Task objective: First find the line with "2014 Toyota Camry", then reproduce it and all following lines of the data to the end, exactly and with no pictures, adding nothing.

Data below:
▬▬▬▬▬▬▬▬▬▬

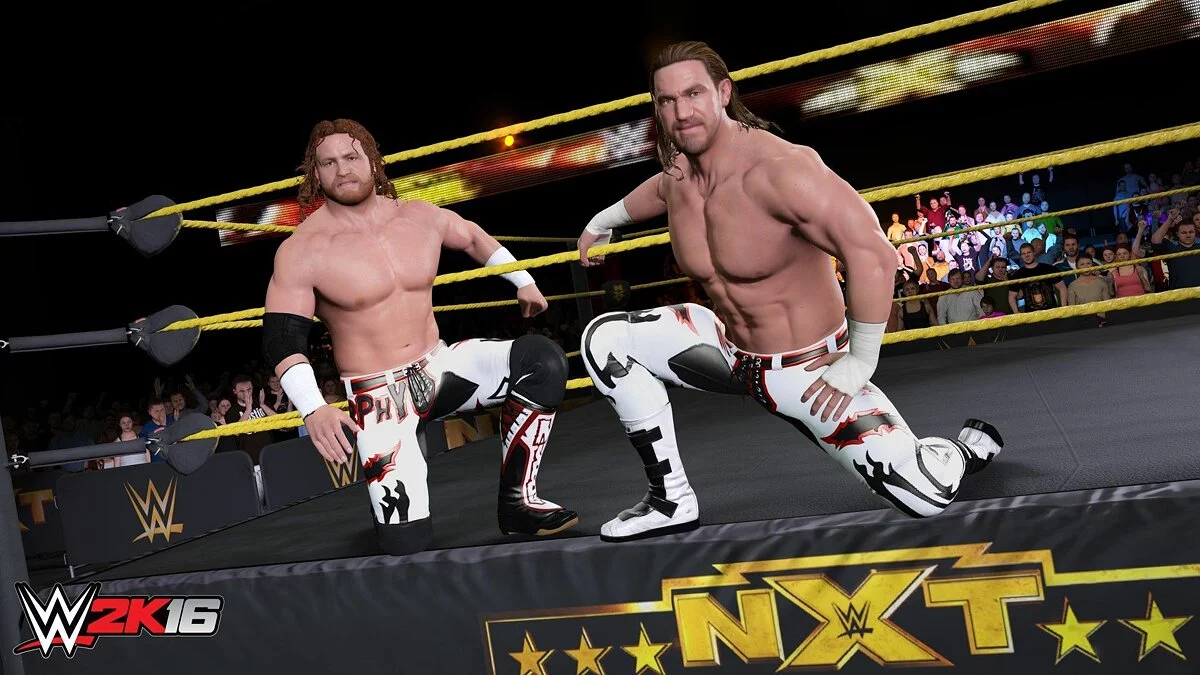 Screenshots from WWE 2K16 / Image 14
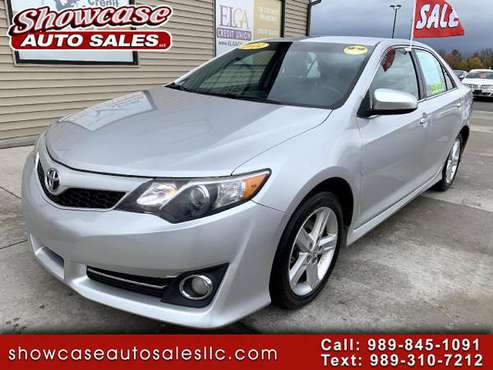 2014 Toyota Camry 2014.5 4dr Sdn I4 Auto SE Sport (Natl) - cars &... for sale in Chesaning, MI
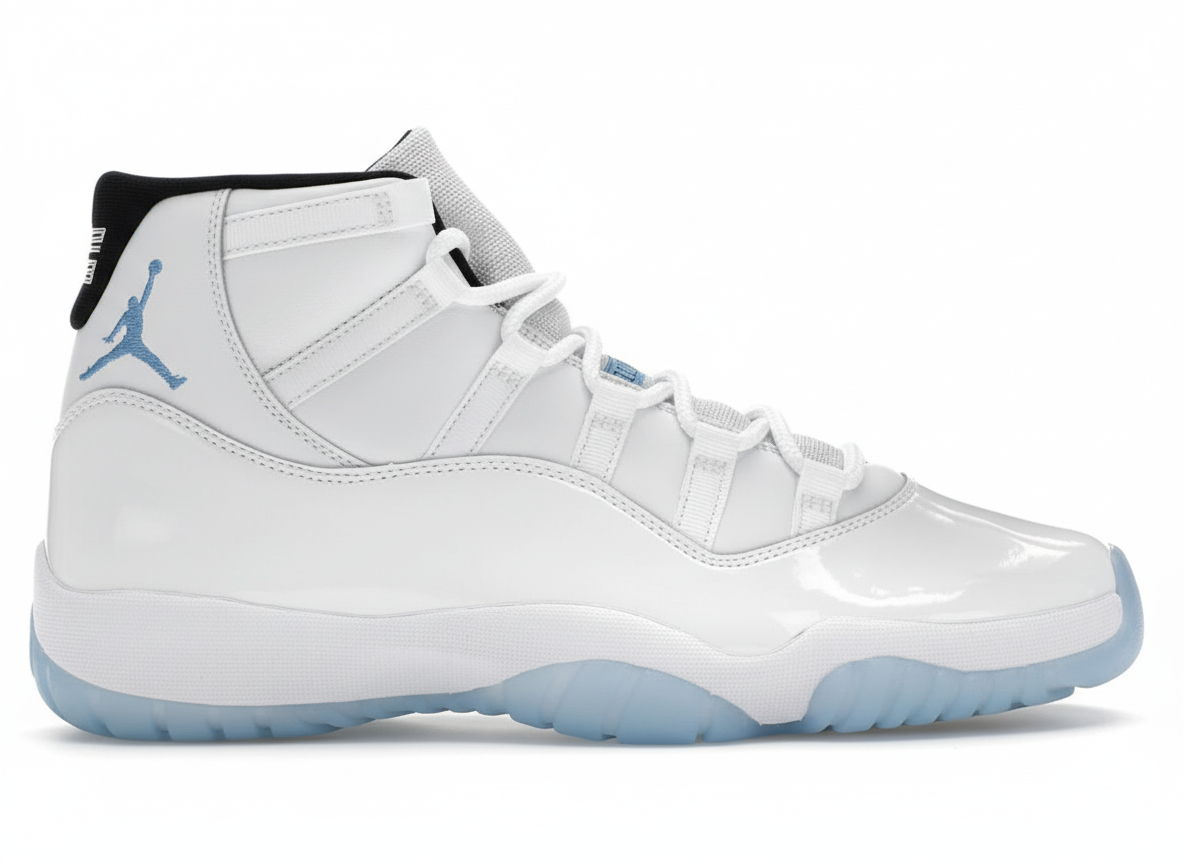 Air Jordan 11 Legend Blue (GS)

▬▬▬▬▬▬▬▬▬▬

Solution to this problem:
 2014 Toyota Camry 2014.5 4dr Sdn I4 Auto SE Sport (Natl) - cars &... for sale in Chesaning, MI
 Air Jordan 11 Legend Blue (GS)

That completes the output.